The answer must reproduce exactly the lines from the one with "Lilly Pulitzer women’s" through the end of the material, and it must contain no pictures.

Provided data START

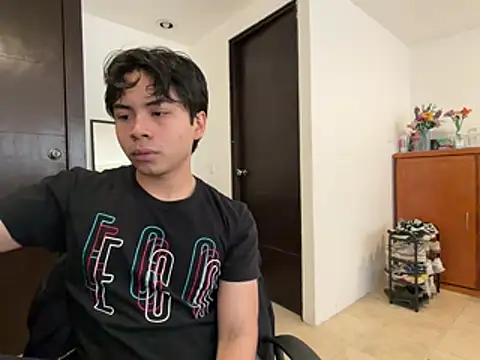 BentoBoxxx online show from March 12, 2026, 5:06 pm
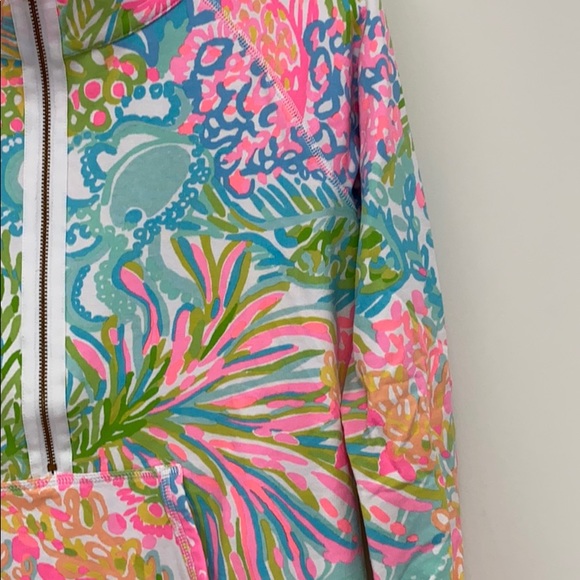 Lilly Pulitzer women’s half zip - Picture 4 of 7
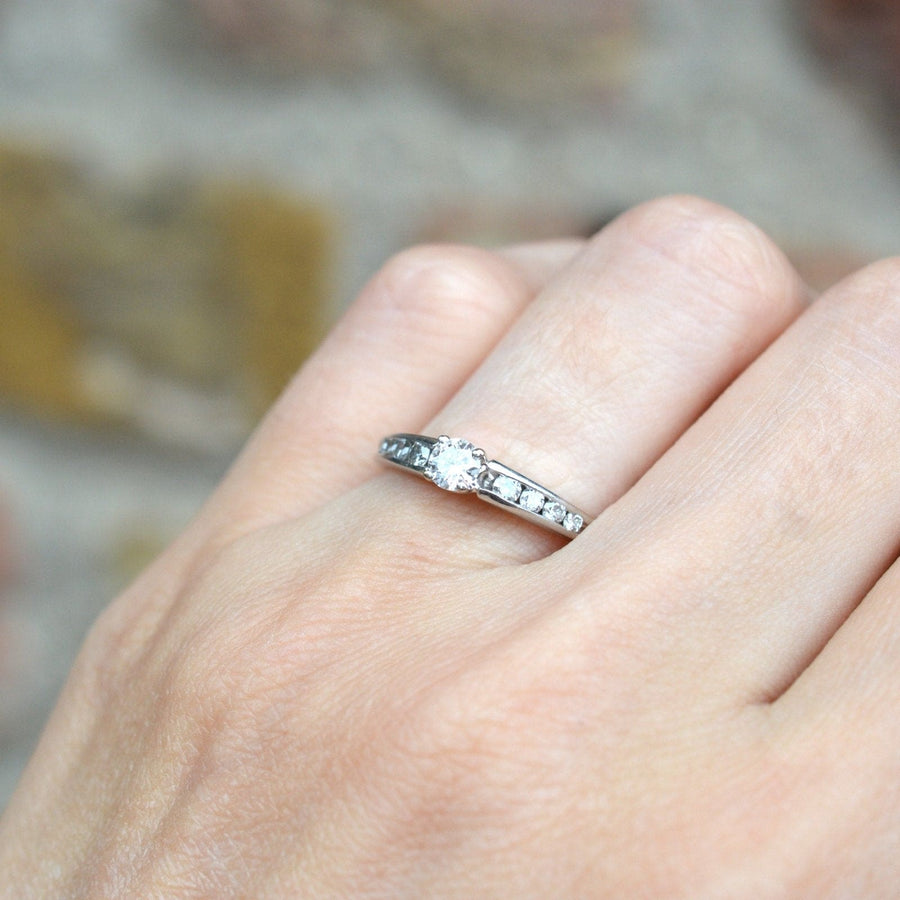 Modern 18ct White Gold, Solitaire Ring with Diamond Shoulders | Parkin and Gerrish | Antique & Vintage Jewellery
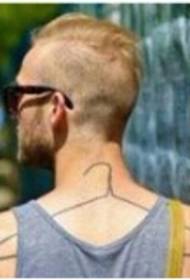 persoonlikheid Europese en Amerikaanse seun rug humor hanger tattoo patroon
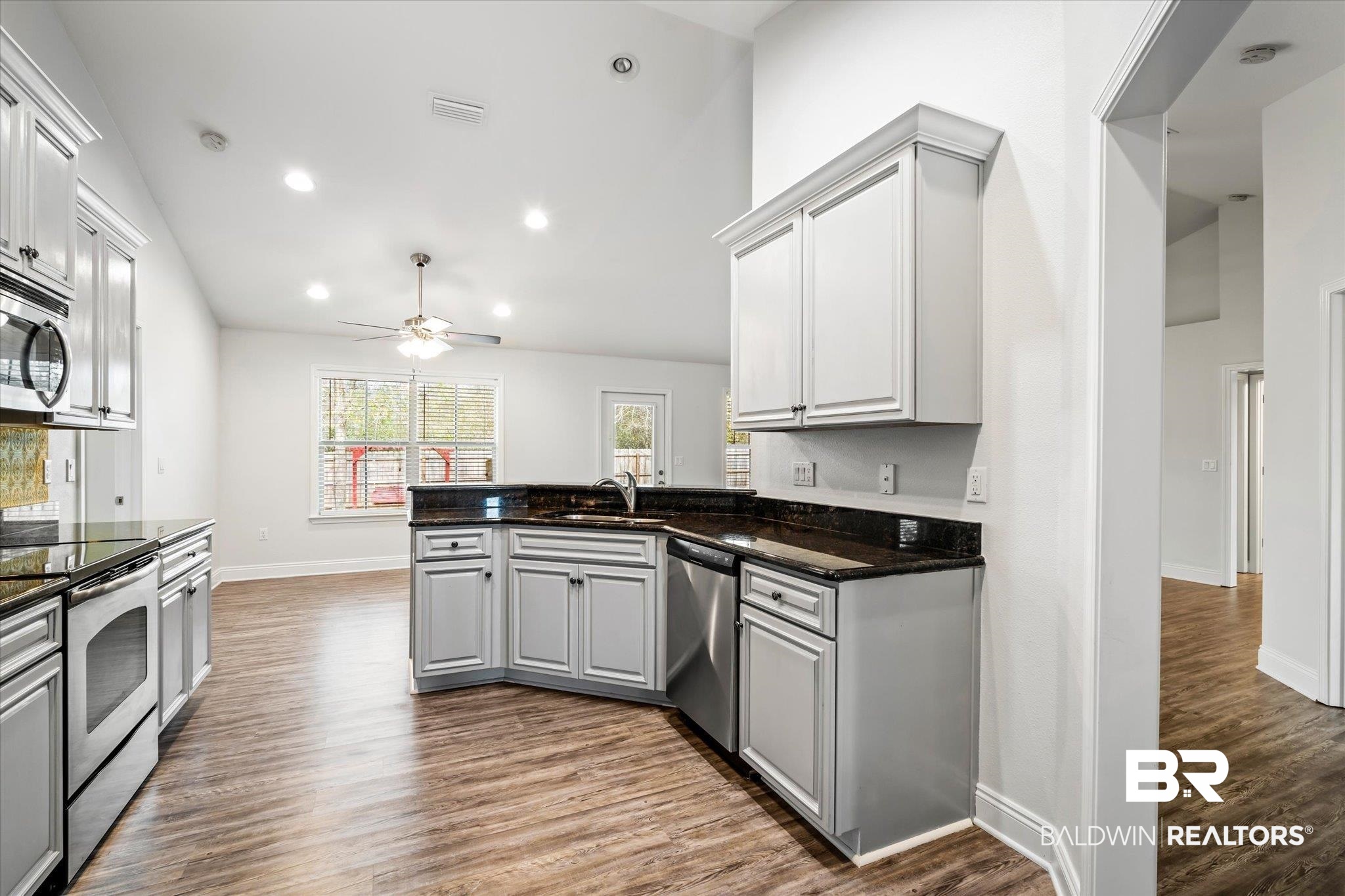 15524 Paddington Drive Foley, AL 36535 - Photo 4 of 22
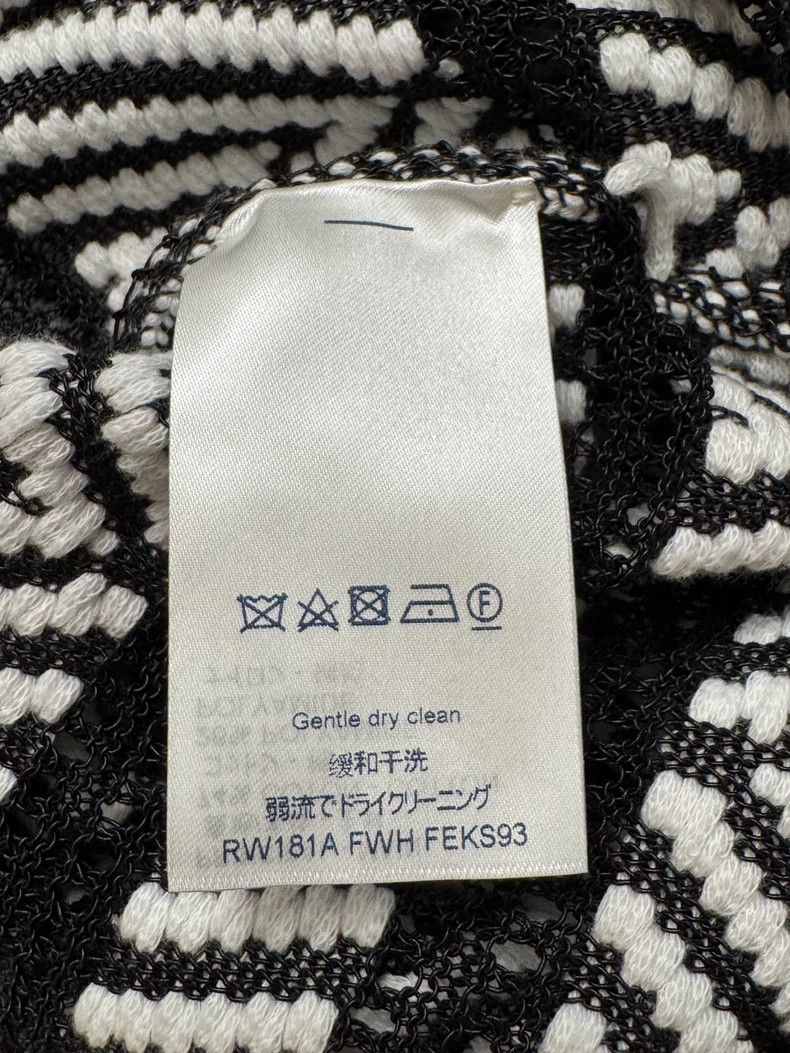 Louis Vuitton Louis Vuitton Knitted v-cut striped short sleeves Size US M / EU 48-50 / 2 - 8 Thumbnail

Provided data END

## Solution to this task
 Lilly Pulitzer women’s half zip - Picture 4 of 7
 Modern 18ct White Gold, Solitaire Ring with Diamond Shoulders | Parkin and Gerrish | Antique & Vintage Jewellery
 persoonlikheid Europese en Amerikaanse seun rug humor hanger tattoo patroon
 15524 Paddington Drive Foley, AL 36535 - Photo 4 of 22
 Louis Vuitton Louis Vuitton Knitted v-cut striped short sleeves Size US M / EU 48-50 / 2 - 8 Thumbnail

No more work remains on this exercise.